His humanistic leadership style, coupled with a strong command of skills as a musical communicator, has earned him an impressive reputation with audiences and music programs throughout the country. Considering his work with young musicians as one of the cornerstones of his career, Grogan currently continues this commitment with the Greater Newark Youth Orchestra. During his final season with the Ithaca College Orchestras, he collaborated with several colleagues to present the 2006 Gospel Music Festival. Over one hundred African-American students from the Washington D.C., New York City and Syracuse areas participated.
Prior to his appointment with the NJSO, Grogan was Director of Orchestras and Associate Professor at the Ithaca College School of Music (New York). In addition to leading Ithaca’s graduate orchestral conducting program, he took the orchestra to its Avery Fisher Hall debut in April of 2005 and led the ensemble in its most recent concert programs in the United Kingdom.
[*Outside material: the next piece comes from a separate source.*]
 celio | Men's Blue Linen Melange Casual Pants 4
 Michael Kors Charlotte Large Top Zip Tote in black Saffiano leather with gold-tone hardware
This season, he will appear with the Reno Philharmonic Orchestra, New Jersey Symphony Orchestra, the American Festival for the Arts Orchestra, the Texas All-State Orchestra, Indiana University, Lamar University, among other engagements nationwide.
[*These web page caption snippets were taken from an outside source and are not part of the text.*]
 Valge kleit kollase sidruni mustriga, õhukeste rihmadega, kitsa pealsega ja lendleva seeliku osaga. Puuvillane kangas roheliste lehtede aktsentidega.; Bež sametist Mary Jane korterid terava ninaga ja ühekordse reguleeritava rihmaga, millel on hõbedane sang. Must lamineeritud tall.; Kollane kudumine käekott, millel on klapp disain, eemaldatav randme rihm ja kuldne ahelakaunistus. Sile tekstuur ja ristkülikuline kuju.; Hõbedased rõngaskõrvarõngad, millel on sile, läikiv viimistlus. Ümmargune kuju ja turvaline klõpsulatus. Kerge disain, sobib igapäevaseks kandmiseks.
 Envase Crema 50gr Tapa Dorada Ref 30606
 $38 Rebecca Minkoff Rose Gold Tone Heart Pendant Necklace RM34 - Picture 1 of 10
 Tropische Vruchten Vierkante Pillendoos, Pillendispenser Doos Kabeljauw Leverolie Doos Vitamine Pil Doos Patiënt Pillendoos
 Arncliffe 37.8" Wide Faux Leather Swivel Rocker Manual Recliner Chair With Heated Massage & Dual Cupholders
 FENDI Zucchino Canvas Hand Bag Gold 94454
Grogan’s dedication to new music manifests itself through recent collaborations with Robert Beaser, Michael Colgrass, Michael Daugherty, Karel Husa, Roberto Sierra and Dana Wilson. In 2004, the Ithaca College Symphony Orchestra commissioned and gave the world premiere of Scott McAllister’s Music from the Redneck Songbook, a work inspired by life in the American south.
Grogan was previously on faculty at the University of Michigan and at Baylor University. He has served as conductor and music director of the Waco Symphony Youth Orchestra, as well as assistant conductor and lecturer for the Waco Symphony Orchestra. Grogan is a graduate of Stephen F. Austin State University and the University of Michigan.
Andrew von Oeyen has already established himself as one of the most captivating pianists of his generation. Since his debut at age 17 with the Los Angeles Philharmonic and Esa-Pekka Salonen, von Oeyen has performed to critical acclaim in recital and orchestral appearances around the world.
Recent concert highlights include Mr. von Oeyen`s return to London’s Wigmore Hall after his successful 2004 recital debut there. He also returned to the Gilmore International Keyboard Festival, where he won the prestigious Gilmore Young Artist Award in 1999, to the Spoleto Festival where he played and conducted to great acclaim, and to the Detroit Symphony for a subscription week. He made his debuts with the Philadelphia Orchestra, the Atlanta Symphony and the Grant Park Festival.
In 2006-2007, Mr. von Oeyen performs the Tchaikovsky Concerto No. 1 with the San Francisco Symphony and the New Mexico Symphony, a subscription week with the Philadelphia Orchestra (Rach/Pag), the Liszt 1 with the Rochester Philharmonic, the Barber with the Utah Symphony, the Beethoven 1 with the Hartford Symphony, the Rachmaninoff No. 2 with the Virginia Symphony and the Stamford Symphony, the Beethoven 4 with the Bratislava Philharmonic, and the Gershwin “Rhapsody in Blue” in Tuscaloosa. He performs recitals at the Kennedy Center and in Detroit and Fresno.
In recent seasons, Mr. von Oeyen has performed with the Los Angeles Philharmonic, the Saint Louis Symphony, the Seattle Symphony and the Singapore Symphony and has appeared in recital at Ravinia and in France at the “Piano en Valois” Festival. In addition to the Gilmore Young Artist Award in 1999, Mr. von Oeyen took First Prize in the first Lení Fé Bland Foundation National Piano Competition in 2001.
Mr. von Oeyen began his piano studies at age 5 and made his solo orchestral debut at age ten. A recent graduate of The Juilliard School, where his principal teachers were Herbert Stessin and Jerome Lowenthal, he has also worked with Alfred Brendel and Leon Fleisher. Mr. von Oeyen`s performances have been broadcast on National Public Radio and he has been a featured guest on NPR’s “Performance Today.” Mr. von Oeyen lives in New York City.